A mark

There's something about old people who have led extraordinary lives but have not become egomaniacs. Even when they get smaller and balder and paunchier--even when they wear grandpa clothes and smile at strangers and lose their hearing. You can tell: they're bigger than the rest of us.
My kids were asking me about the Bataan Death March at the dinner table last night; dinner conversations have changed since I took this job: work is like one big field trip. Should the POWs who were used as slave labor by Japanese companies be compensated after the fact, or shouldn't they? They were prisoners, after all. Who's the good guy in a war scene? It's not easy to say.
I know one of these soldiers. He's not a retired admiral: he's just a regular guy--just an average, everyday former POW. He's got that quality that the admiral has: a gentleness, a softness. Buddha-like softness. It's hard to imagine him killing anyone, or being beaten, or starved. How is that, when we think brutality makes people hard?
***
I'm 43 now. I keep waiting to feel that life is passing too quickly, or that I haven't had time to do what I want to do--or to discover something I never even knew I wanted to do. I haven't, that is, commanded the Atlantic fleet, or won the big tobacco case, or written the book. I've got some time still. But I think I may be lucky that way: I think the kids are what I wanted to do, and for all that I think I'd change if I could, I wouldn't have written it any other way.
5 Comments:
Your children are a legacy that will live beyond many many others; one made especially wonderful because they're being raised by YOU!
Wish I were young enough to be adopted...
alan
i love you.
Sometimes I regret not having achieved more in my sinful life, but having loved my children not unwisely often seems sufficient. Would you give them up to be a BrontĂȘ sister or Dorothy Parker? I thought not.
And I am reminded of the Zen story: One monk was boasting about his master's ability to stand on one side of a river and materialize on the other. The Zen monk replied, "My miracle is precisely this: When I am hungry I eat. When I am thirsty I drink."

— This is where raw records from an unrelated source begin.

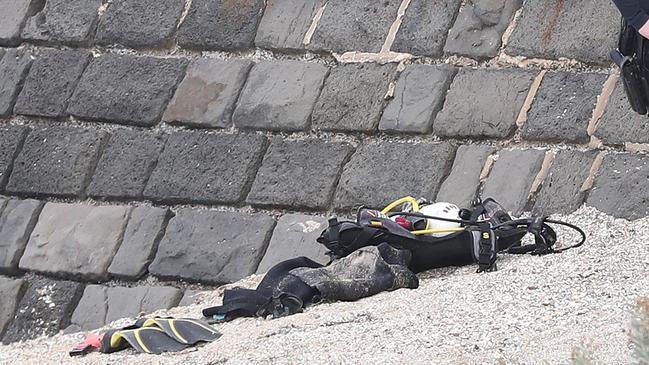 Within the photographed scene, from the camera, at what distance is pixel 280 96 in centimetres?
609

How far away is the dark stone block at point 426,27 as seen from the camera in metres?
5.89

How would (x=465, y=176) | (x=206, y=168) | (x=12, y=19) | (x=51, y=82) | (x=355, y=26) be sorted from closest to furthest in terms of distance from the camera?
(x=465, y=176), (x=206, y=168), (x=355, y=26), (x=51, y=82), (x=12, y=19)

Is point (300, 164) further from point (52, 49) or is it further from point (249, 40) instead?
point (52, 49)

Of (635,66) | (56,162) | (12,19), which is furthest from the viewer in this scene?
(12,19)

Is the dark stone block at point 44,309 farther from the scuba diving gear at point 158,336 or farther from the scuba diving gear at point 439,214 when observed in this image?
the scuba diving gear at point 439,214

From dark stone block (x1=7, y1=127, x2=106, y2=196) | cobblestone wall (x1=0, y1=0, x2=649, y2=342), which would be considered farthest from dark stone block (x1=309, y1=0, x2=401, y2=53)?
dark stone block (x1=7, y1=127, x2=106, y2=196)

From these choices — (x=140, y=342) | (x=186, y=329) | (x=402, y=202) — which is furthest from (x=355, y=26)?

Here's a different version of the story:
While Bankei was preaching quietly to his followers, his talk was interrupted by a Shinsu priest who believed in miracles, and thought salvation came from repeating holy words. Bankei was unable to go on with his talk, and asked the priest what he wanted to say. 'The founder of my religion," boasted the priest, "stood on one shore of a river with a writing brush in his hand. His disciple stood on the other shore holding a sheet of paper. And the founder wrote the holy name of Amida onto the paper across the river through air! Can you do anything so miraculous?"
"No," said Bankei, "I can do only little miracles. Like: when I am hungry, I eat. When I am thirsty, I drink. When I am insulted, I forgive."
Good heavens....and I thought I was the only one with dinner conversations in my house like that.
They are amazing aren't they?
How'd we get so lucky, Inger? :)
And so much of their lives and ours are still pages to be written...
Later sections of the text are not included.